Sobre a sede por imortalidade
Da sacada do prédio, os pobres parecem formigas. Da cobertura são todos esmagáveis sem uma razão necessária, como medo ou asco. Eles não conhecem o viver lá embaixo, não têm noção do preço de um pão, raciocinam em milhões e suas mentes matemáticas não incluem emoções além da excitação de faturar alto, arriscar alto com a vida dos outros, manipular, criar regras que as limite.
Da cobertura do prédio o céu é mais azul e o mundo é diferente. Eles exorcizam os próprios demônios com rituais absurdos que envolvem a morte dos pobres. Planejam ganhos, inserem cálculos complicados que os dirão a quem eliminar, quantos matar e a porcentagem segura a manter vivos, sob controle, como futuro sacrifício em caso de necessidade.
Com esses sacrifícios enriquecem mais, aprendem mais a controlar, dominar e extinguir ao seu bel prazer. Um ponto ainda os incomoda, entretanto: eles ainda envelhecem como todos os outros, não importa o que façam, o que tentem. Envelhecem, murcham como flores, e a ganância continua, não parece diminuir nem secar como os seus corpos decrépitos ao sol da cobertura ao lado da piscina.

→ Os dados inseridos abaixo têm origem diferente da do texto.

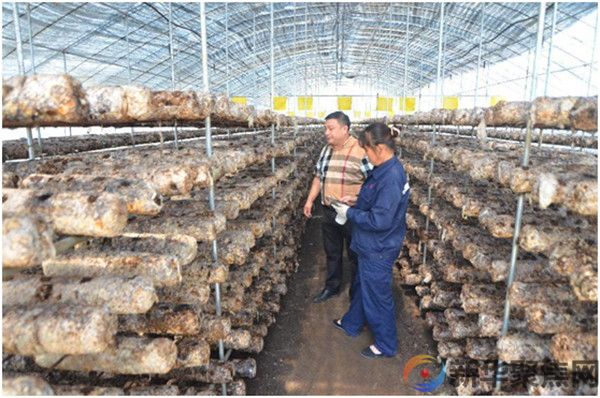 发挥农村党组织战斗堡垒作用  带领群众共同富裕奔小康(图3)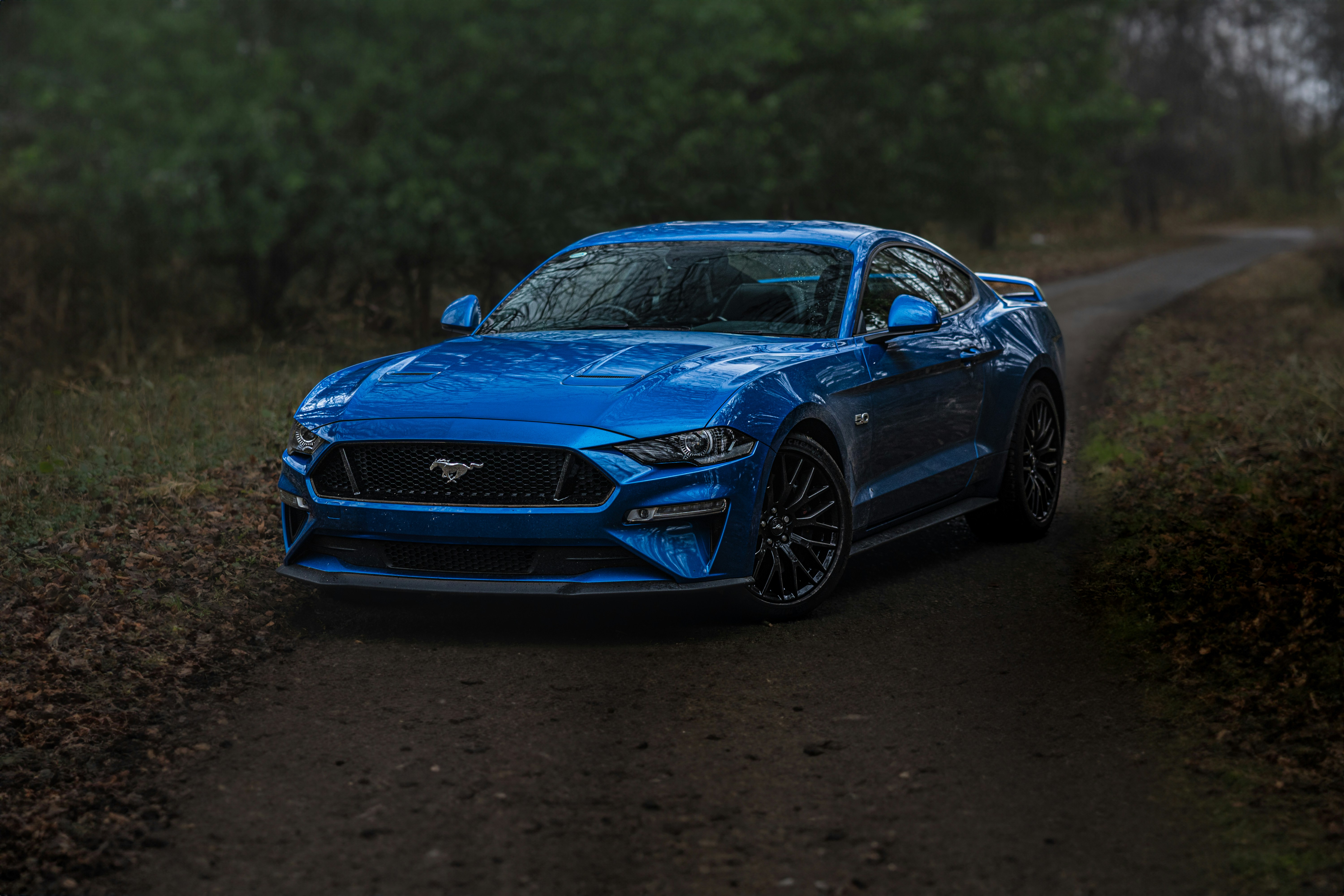 Photo by lukethorntonofficial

Os olhos. Assombrosos, lúbricos, parecem não pertencer aos corpos. São uma entidade à parte, assim como o cérebro, que funciona como um computador cuja memória foi inserida com toda a maldade e maquiavelismo que uma alma pode suportar.
Eles não enxergam os pobres como seres humanos, mas como formigas. Vermes. Esmagáveis. Tudo para manter a sua sede por imortalidade. O preço a pagar para continuar a existir é irrisório, caso consigam.
É assim que se vive no planeta das águas. Ilhados na terra, cercados por todos os lados, procurando dominar a tudo o que desejarem, sugar do planeta poder suficiente para suportá-lo. Desafiam descaradamente, com ódio para encobrir o medo. Recusam-se a reconhecer que o planeta é inacabável, enquanto todos eles apenas habitam uma cobertura, facilmente demolível. Sim, há um fim.